Problem: When you reach a picture, skip it, and retype every line below exactly.

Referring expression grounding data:
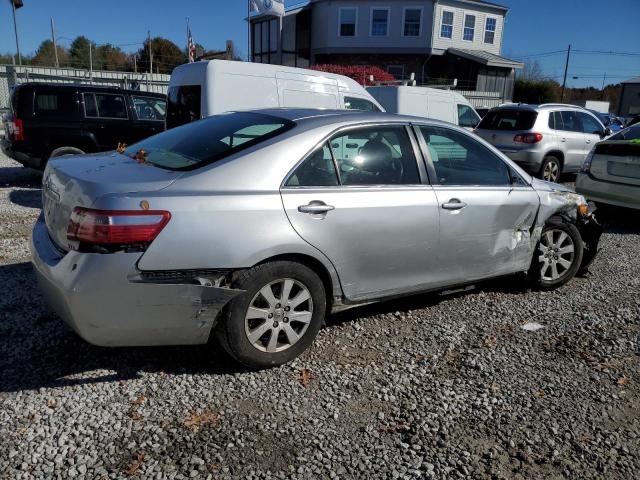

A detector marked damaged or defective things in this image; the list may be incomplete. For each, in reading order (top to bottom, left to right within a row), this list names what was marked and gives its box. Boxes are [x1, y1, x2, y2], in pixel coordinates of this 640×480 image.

damaged silver car [30, 109, 600, 368]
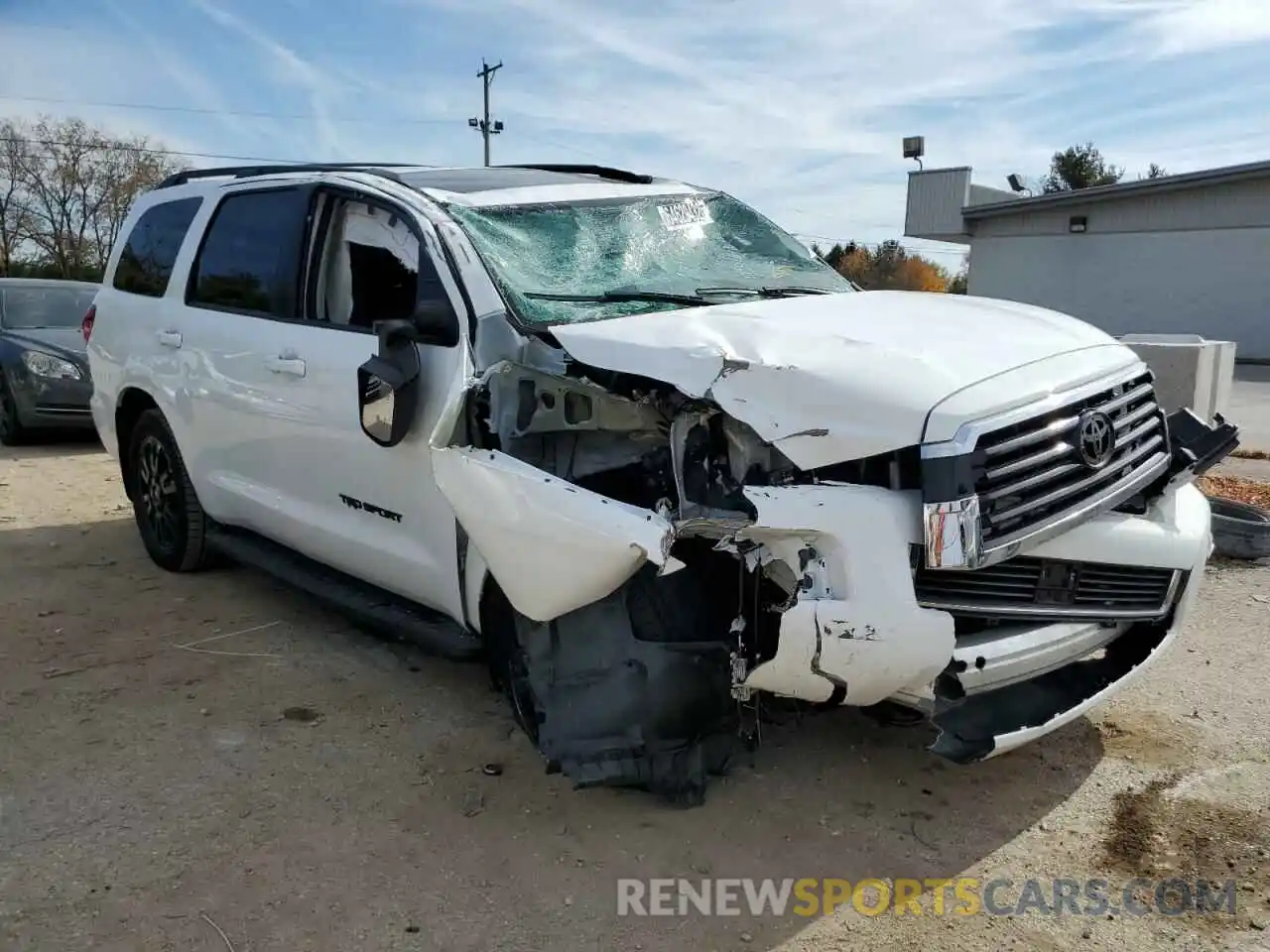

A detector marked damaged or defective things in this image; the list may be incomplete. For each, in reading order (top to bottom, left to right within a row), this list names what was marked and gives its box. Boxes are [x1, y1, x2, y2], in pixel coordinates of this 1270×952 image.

shattered windshield [446, 191, 853, 327]
crumpled hood [551, 291, 1148, 469]
torn fender [432, 446, 675, 627]
damaged white suv [84, 164, 1234, 807]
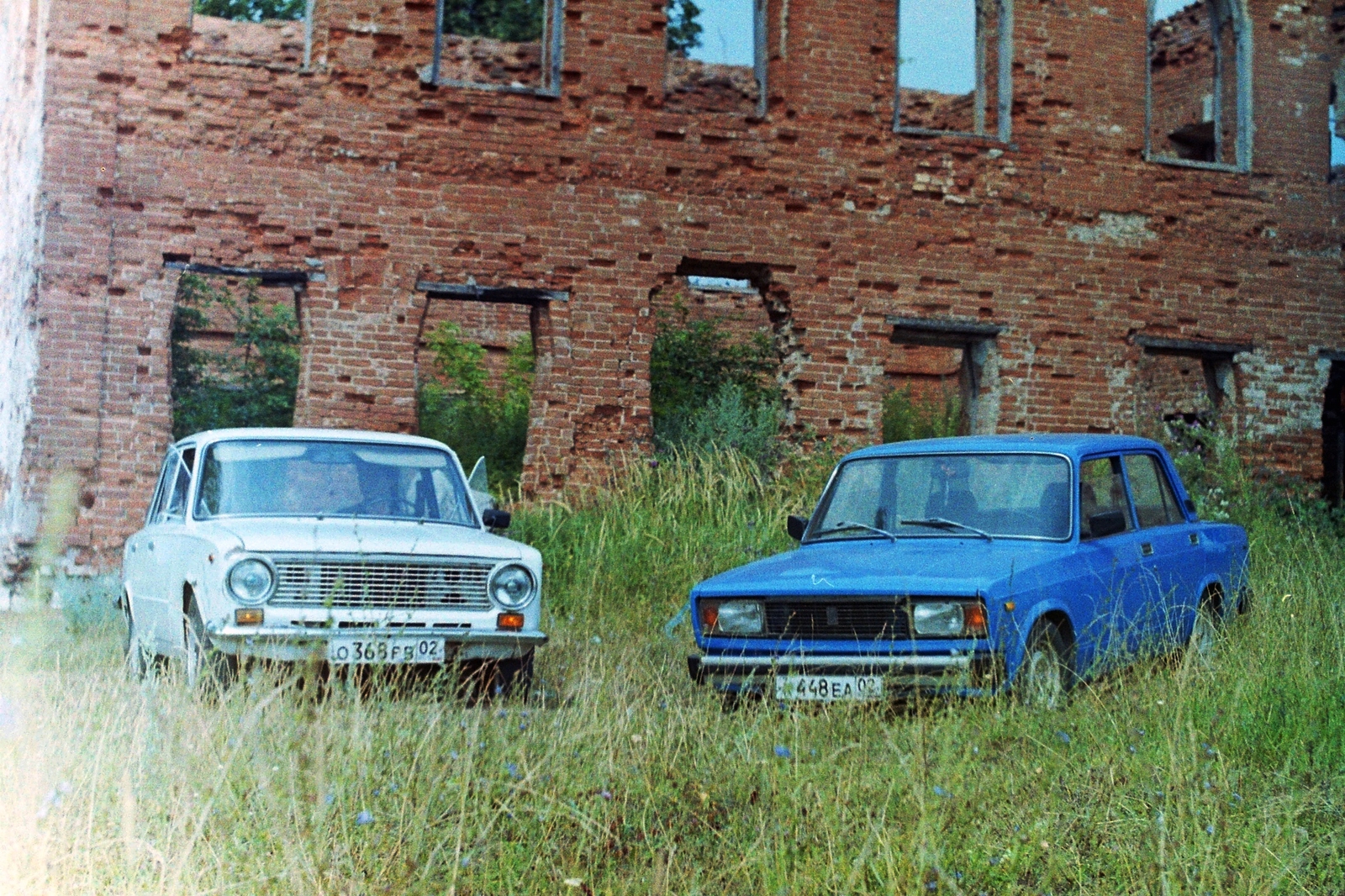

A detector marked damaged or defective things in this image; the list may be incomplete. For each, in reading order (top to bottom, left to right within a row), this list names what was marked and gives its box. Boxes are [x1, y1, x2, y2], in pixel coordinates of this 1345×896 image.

abandoned car [119, 430, 541, 689]
abandoned car [689, 434, 1258, 706]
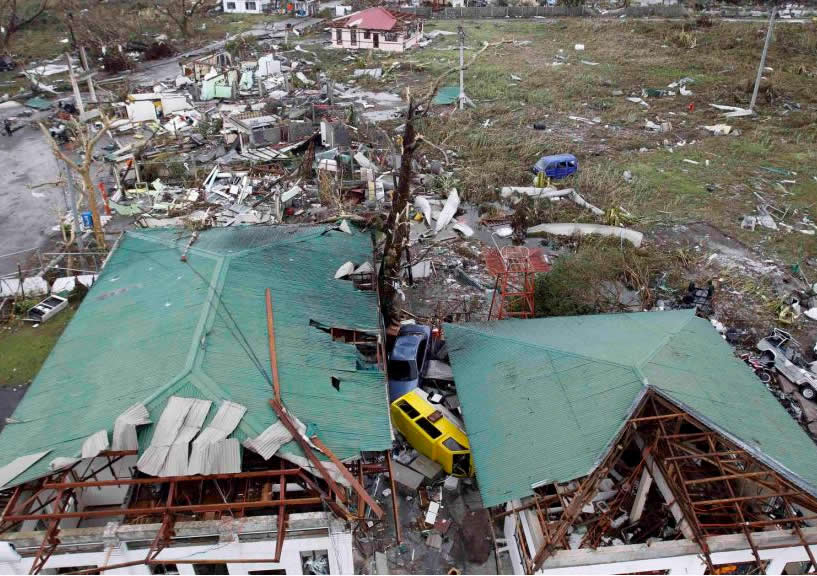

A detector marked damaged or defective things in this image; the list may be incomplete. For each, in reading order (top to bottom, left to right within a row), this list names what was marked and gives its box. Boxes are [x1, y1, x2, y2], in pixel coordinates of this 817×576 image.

damaged structure [0, 227, 398, 572]
crushed vehicle [388, 324, 434, 400]
damaged structure [446, 312, 817, 572]
crushed vehicle [752, 328, 816, 400]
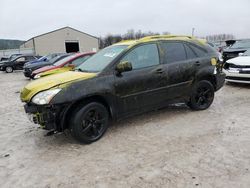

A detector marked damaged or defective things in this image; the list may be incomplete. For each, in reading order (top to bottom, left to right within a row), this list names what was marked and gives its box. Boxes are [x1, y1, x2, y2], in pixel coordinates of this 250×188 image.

damaged suv [20, 35, 226, 143]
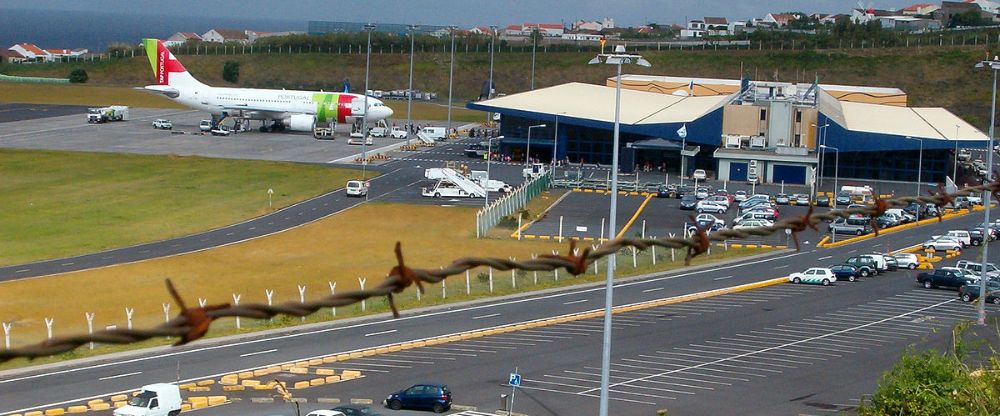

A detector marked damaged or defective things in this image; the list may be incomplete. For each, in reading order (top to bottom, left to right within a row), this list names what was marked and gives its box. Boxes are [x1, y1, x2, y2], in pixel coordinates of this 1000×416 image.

rusty barbed wire strand [1, 179, 1000, 360]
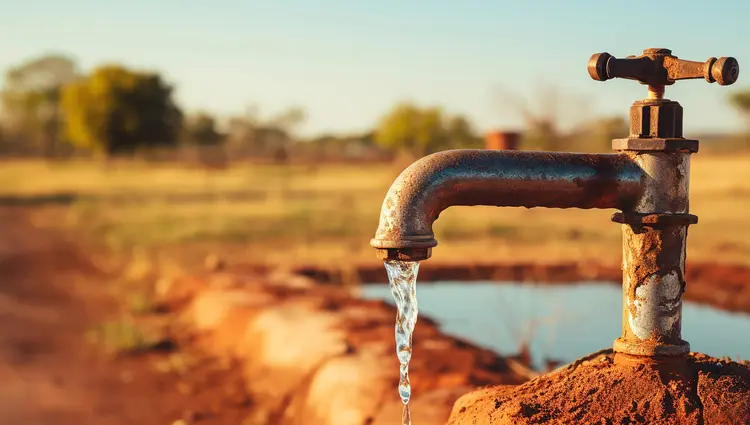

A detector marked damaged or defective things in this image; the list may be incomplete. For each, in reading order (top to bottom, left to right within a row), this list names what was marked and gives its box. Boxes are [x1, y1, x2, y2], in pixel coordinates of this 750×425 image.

corroded metal [370, 151, 648, 260]
rusty metal faucet [372, 47, 740, 358]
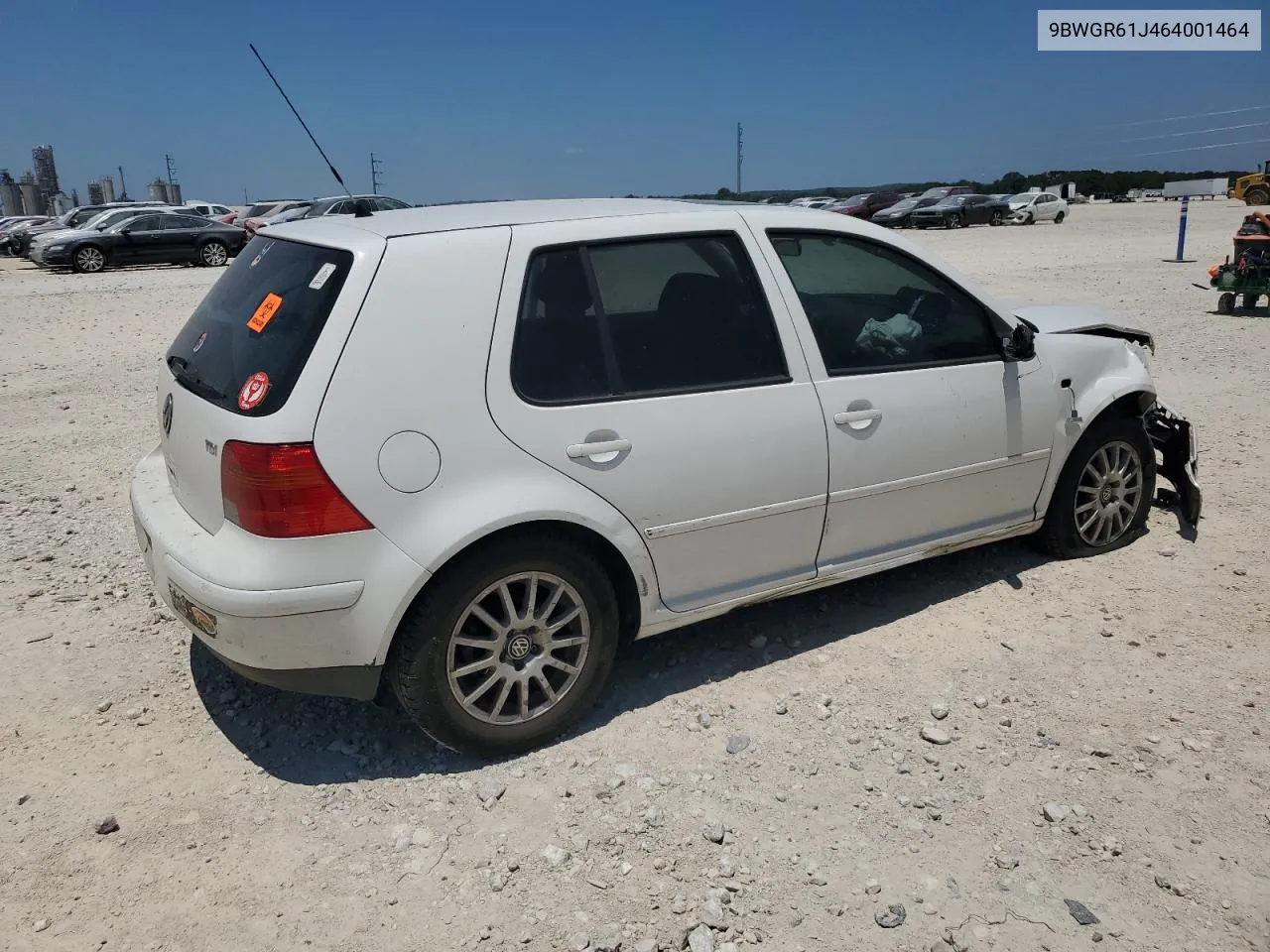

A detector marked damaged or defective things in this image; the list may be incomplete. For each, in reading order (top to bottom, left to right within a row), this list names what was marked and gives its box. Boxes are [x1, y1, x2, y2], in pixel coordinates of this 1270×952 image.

broken front bumper [1143, 398, 1199, 525]
damaged front end [1143, 404, 1199, 531]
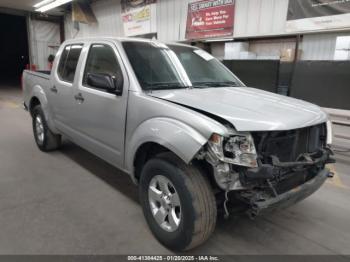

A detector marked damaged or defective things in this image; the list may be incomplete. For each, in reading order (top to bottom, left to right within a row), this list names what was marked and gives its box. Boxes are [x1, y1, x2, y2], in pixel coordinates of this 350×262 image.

crumpled hood [150, 87, 328, 132]
broken headlight [208, 133, 258, 168]
front-end collision damage [196, 123, 334, 219]
damaged bumper [246, 168, 330, 217]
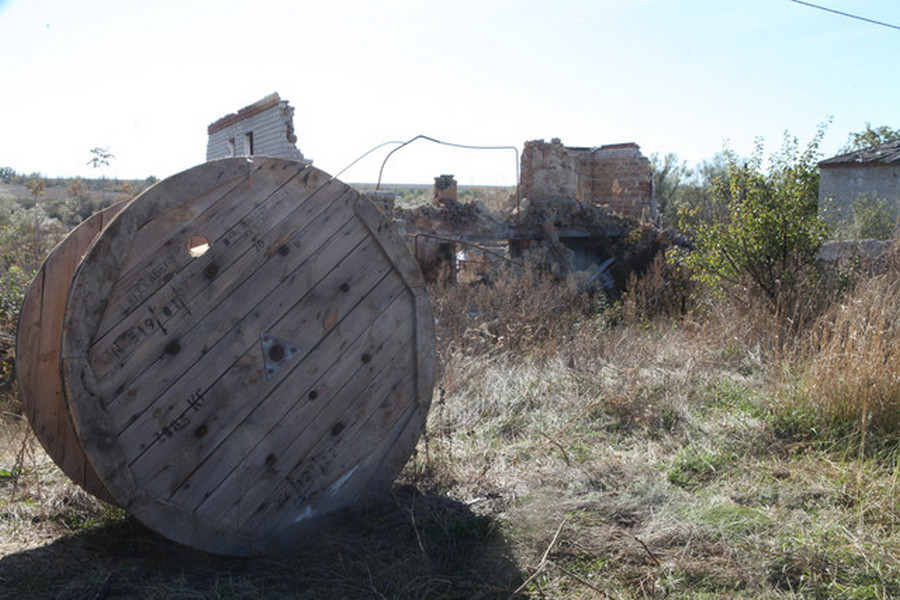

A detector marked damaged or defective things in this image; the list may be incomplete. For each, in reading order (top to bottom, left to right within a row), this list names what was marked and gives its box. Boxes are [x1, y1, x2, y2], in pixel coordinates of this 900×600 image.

broken wooden board [16, 199, 128, 504]
broken wooden board [59, 157, 436, 556]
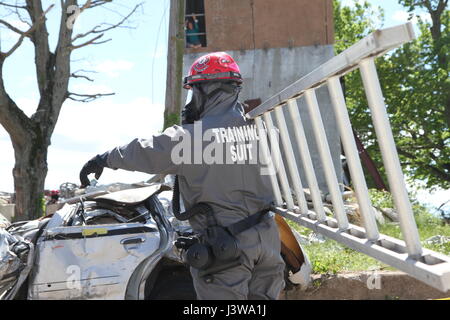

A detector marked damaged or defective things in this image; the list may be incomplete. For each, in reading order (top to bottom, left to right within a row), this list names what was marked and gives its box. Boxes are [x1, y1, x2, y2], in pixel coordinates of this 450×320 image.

wrecked car [0, 184, 312, 298]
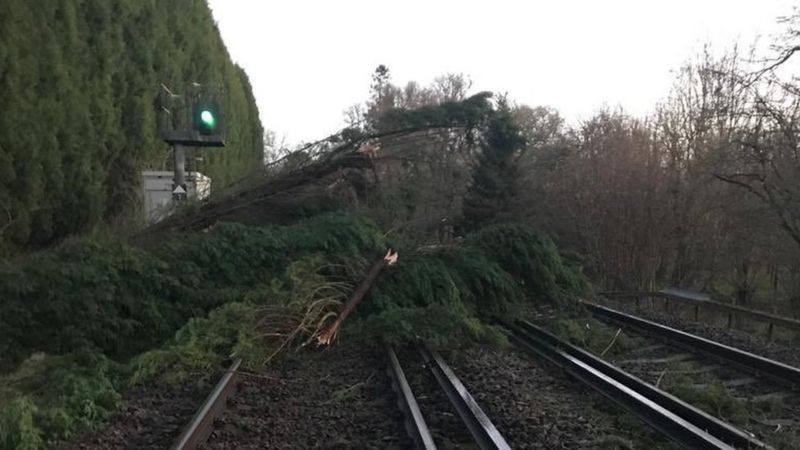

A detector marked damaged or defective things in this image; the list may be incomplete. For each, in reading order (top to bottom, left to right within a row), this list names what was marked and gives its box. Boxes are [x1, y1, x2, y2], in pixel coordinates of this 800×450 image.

rusty rail surface [171, 358, 241, 450]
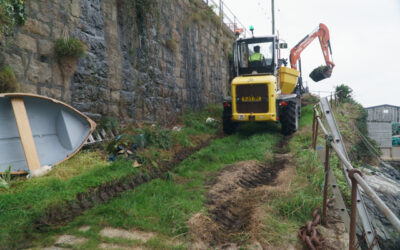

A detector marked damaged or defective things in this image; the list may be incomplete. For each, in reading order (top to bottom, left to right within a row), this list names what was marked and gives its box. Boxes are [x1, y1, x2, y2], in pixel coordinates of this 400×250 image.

rusty chain [298, 210, 326, 249]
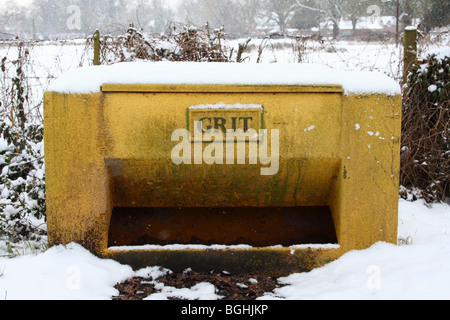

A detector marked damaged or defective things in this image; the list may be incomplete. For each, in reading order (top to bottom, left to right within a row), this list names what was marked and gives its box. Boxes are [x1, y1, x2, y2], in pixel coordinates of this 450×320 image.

rusty interior of bin [107, 206, 336, 249]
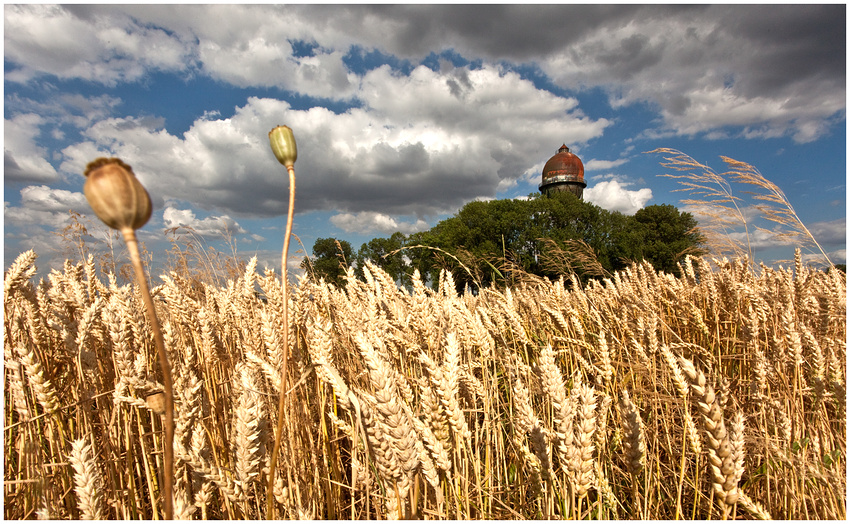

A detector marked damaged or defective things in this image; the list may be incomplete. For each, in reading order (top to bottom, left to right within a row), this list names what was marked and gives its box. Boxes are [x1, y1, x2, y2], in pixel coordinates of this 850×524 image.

rusty dome roof [544, 144, 584, 183]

Expected answer:
A detector marked damaged or defective things in this image; the list may be incomplete. For each, in reading order (top to bottom, left to right within a row), this list names what was marked and gives its box. Boxes are [x1, y1, x2, y2], in pixel coordinates of this 640×480 image.

damaged silver car [30, 109, 600, 368]

A detector marked damaged or defective things in this image; the list may be incomplete. For each, in reading order (top to bottom, left to right within a row), this list names what was marked and gives its box. Boxes are [x1, y1, x2, y2], in pixel coordinates of this 1270×952 image.

shattered windshield [446, 191, 853, 327]
crumpled hood [551, 291, 1148, 469]
torn fender [432, 446, 675, 627]
damaged white suv [84, 164, 1234, 807]

A detector marked damaged or defective things in this image; the list may be incomplete. For each, in reading order (top to bottom, left to right within a row), this list names what was marked and gives its box. Boxes are [x1, y1, x2, y2], in pixel coordinates of this 1345×896 image.

abandoned car [119, 430, 541, 689]
abandoned car [689, 434, 1258, 706]

A detector marked damaged or defective things in this image; the list may be incomplete. For each, in reading order (top to bottom, left to right within a row), this list names what was marked and gives its box. Boxes are [x1, y1, x2, y2], in pixel coordinates of this 817×576 image.

damaged structure [0, 227, 398, 572]
crushed vehicle [388, 324, 434, 400]
damaged structure [446, 312, 817, 572]
crushed vehicle [752, 328, 816, 400]

A detector marked damaged or defective things in this image; the list may be incomplete. For each, in reading order (top to bottom, left to right within a row), this list names what was marked and gives its box. Boxes are [x1, y1, x2, y2], in pixel coordinates of this 250×188 image.

damaged suv [20, 35, 226, 143]

A detector marked damaged or defective things in this image; the list may be incomplete. For each, in reading order (top to bottom, left to right within a row), this list names what was marked and gives its box. Boxes are [x1, y1, x2, y2], in pixel coordinates of this 1000×416 image.

rusty barbed wire strand [1, 179, 1000, 360]

A detector marked damaged or defective things in this image; the list may be incomplete. For each, in reading order (top to bottom, left to right within a row), this list names what was marked and gives its box. Boxes are [x1, y1, x2, y2], in pixel coordinates of this 750×425 image.

corroded metal [370, 151, 648, 260]
rusty metal faucet [372, 47, 740, 358]

A detector marked damaged or defective things in this image; the list may be incomplete. For each, in reading order (top to bottom, left to right within a row), this list names what was marked and gives its box. Boxes are [x1, y1, x2, y2], in pixel coordinates of this 1270×952 image.

broken front bumper [1143, 398, 1199, 525]
damaged front end [1143, 404, 1199, 531]

A detector marked damaged or defective things in this image; the list may be incomplete. For each, in reading order (top to bottom, left to right within a row), this list names what was marked and gives its box. Boxes are [x1, y1, x2, y2], in pixel coordinates of this 350×262 image.

crumpled hood [150, 87, 328, 132]
broken headlight [208, 133, 258, 168]
front-end collision damage [196, 123, 334, 219]
damaged bumper [246, 168, 330, 217]

A detector marked damaged or defective things in this image; the list may be incomplete. For each, in reading order (top to bottom, left to right within a row), this list names what was marked and gives its box. Boxes are [x1, y1, x2, y2], in pixel coordinates of this 900×600 image.

broken wooden board [16, 199, 128, 504]
broken wooden board [59, 157, 436, 556]

A detector marked damaged or defective things in this image; the list may be incomplete. For each, in reading order (top to bottom, left to right within a row), this list names what was marked and gives its box. Boxes are [x1, y1, x2, y2], in pixel coordinates of this 450×320 image.

wrecked car [0, 184, 312, 298]

A detector marked damaged or defective things in this image; the list may be incomplete. For each, in reading order (top to bottom, left to right within a row), this list names what was marked and gives its box. Boxes are [x1, y1, x2, y2], in pixel coordinates of this 800×450 image.

rusty rail surface [171, 358, 241, 450]

A detector marked damaged or defective things in this image; the list may be incomplete. For each, in reading order (top to bottom, left to right within a row), this list names what was marked and gives its box. Boxes are [x1, y1, x2, y2], in pixel coordinates of this 400×250 image.

rusty chain [298, 210, 326, 249]

A detector marked damaged or defective things in this image; the list may be incomplete. For each, in reading order (top to bottom, left to right within a row), this list names what was marked and gives its box. Boxes are [x1, y1, x2, y2], in pixel coordinates of this 450×320 image.

rusty interior of bin [107, 206, 336, 249]

A detector marked damaged or defective things in this image; the list may be incomplete. For each, in reading order (top to bottom, left to right within a row), this list names what was marked and gives its box. Boxes are [x1, y1, x2, y2], in pixel coordinates of this 850×524 image.

rusty dome roof [544, 144, 584, 183]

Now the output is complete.